Nearing the end of a fantastic 10 days in Berlin, my travels took me 60 miles south to a relatively small town of Jüterbog. An area that has a long military tradition pre dating the 1914-18 conflict. This is the first of three I enjoyed immensely.
The large military base at Forst Zinna was constructed in the mid 30’s at the dawn of the Third Reich. Named after and In honour of the führer, Adolf Hitler. Aka Forst Zinna.
The Camp hosted barracks and training rooms, used by an artillery and transportation school. There were also many service buildings, like canteens, sport and administration facilities.
The base was operated by the Wehrmacht until the end of WWII, when the region was conquered by the Red Army.
At the end the end of the conflict the Soviets took over the site and used it to house displaced persons primarily refugees from Eastern Europe and for the former inmates of the Nazi German concentration camps.
Later used by the ‘Deutsche Verwaltungsakademie’ who used as ‘The German Academy of Public Administration’ with the intention of training the DDR political elite.
In 1950 the site passed over again to the Soviet Army. In the military area, there were administrative buildings, farm buildings, and leisure complex
At the end of 2007 the demolition of Forst Zinna started. Only a small part of the complex is listed and safe from demolition.
Parked up right outside the gates and in I went, nice of them to leave a nice big gap by the gate
The remaining buildings were few and far between in this camp
But I realise I did find the outdoor swimming pool shown on the postcard, which is cool.

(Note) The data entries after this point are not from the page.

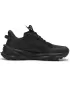 Pantofi pentru bărbați PUMA FAST-TRAC NITRO 3 379786_08 FLAT DARK GRAY/ GRI ÎNCHIS ÎNCHIS/PUMA NEGRU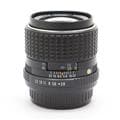PENTAX (ペンタックス) SMC-PENTAX-M 100mm F2.8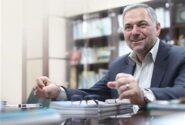 مدرسه از محور کتاب به محور برنامه درسی حرکت می‌کند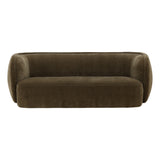 Glenhaven Sofa - What A Room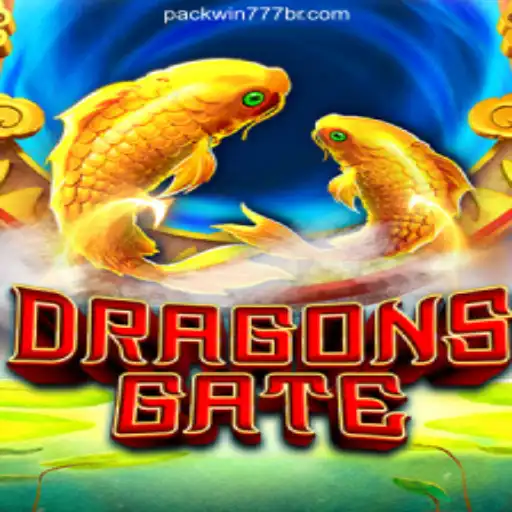 DragonsGate: A Mesmerizing Journey into the World of Fantasy Gaming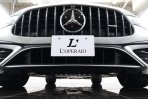 AMG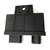 Módulo Relê Ventoinha Honda Civic 0261s03111 - comprar online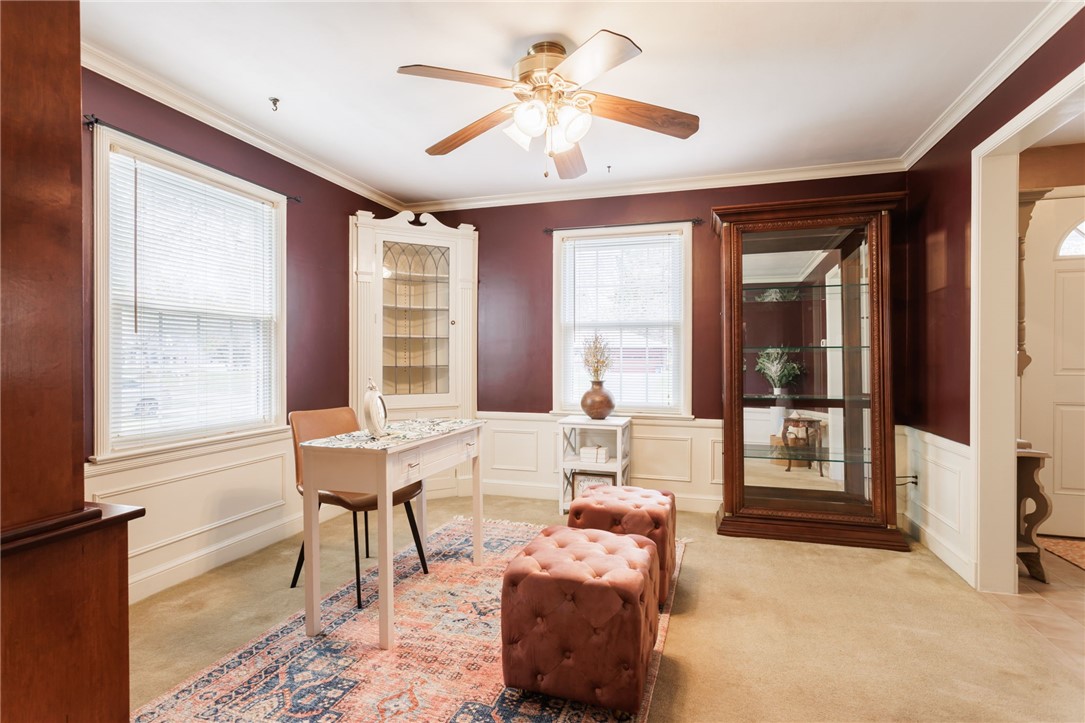 48 Wisner Road, Irondequoit, New York image 12
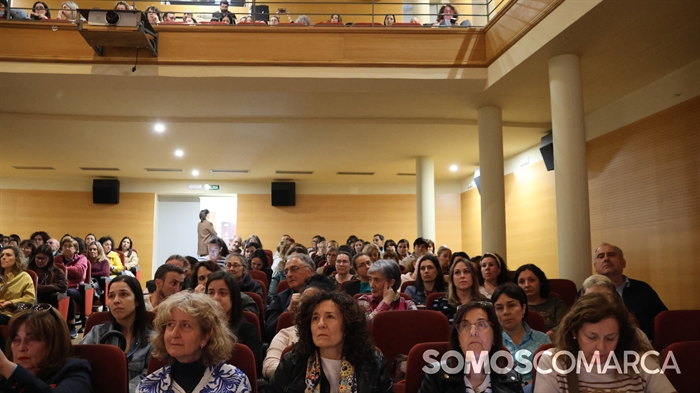 somoscomarca_304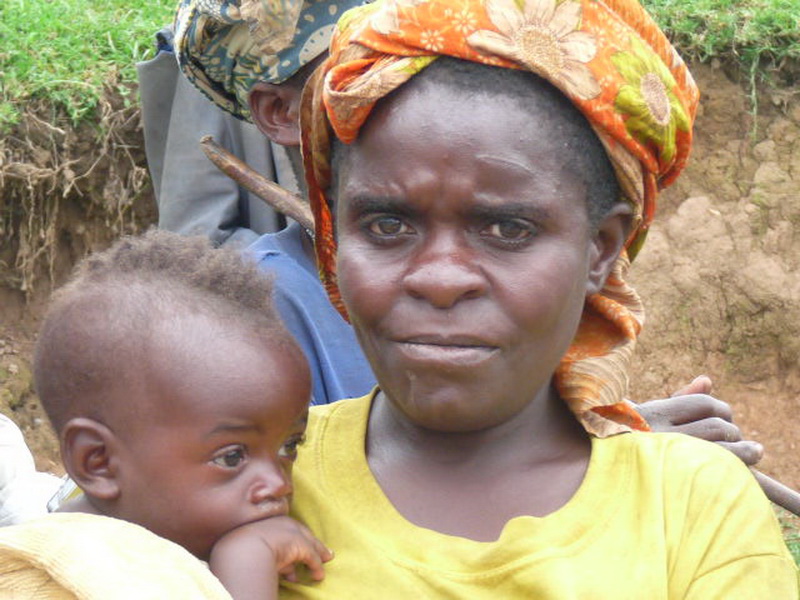 Kampala-11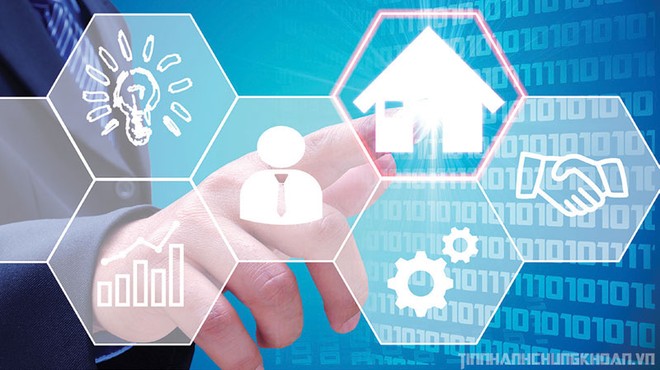 Chỉ cần tìm hiểu về một dự án nào trên mạng, ngay sau đó, màn hình máy tính, điện thoại của người dùng sẽ thường xuyên xuất hiện quảng cáo về dự án Web Tổng Nhà Cái 99Kl99 Giải Trí Bậc Nhất.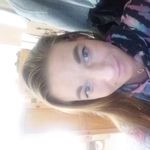 Sarah Catlin - @catlin.sarah - Instagram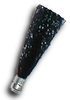E124 Nylon Refill -- IA0410 - Image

Just a few industrial/manufacturing type buildings, gave up some nice soviet signs
I found one building two floors and an attic. One of the lower rooms contained fantastic Soviet memories, books and propaganda. As I am currently having a love affair with all things Soviet, my heart skipped a beat at these in all honesty. Not quite a semi, but near as damn it.
“Two worlds; Two systems”
“On guard: Socialist Homeland”
It was when I reached a small “room: partioned off in the attic, that I got the semi!
Suddenly transported into the life of a young Russian conscript; potentially thousands of miles from home, family and friends, living a bleak and hard existence. On guard for his homeland.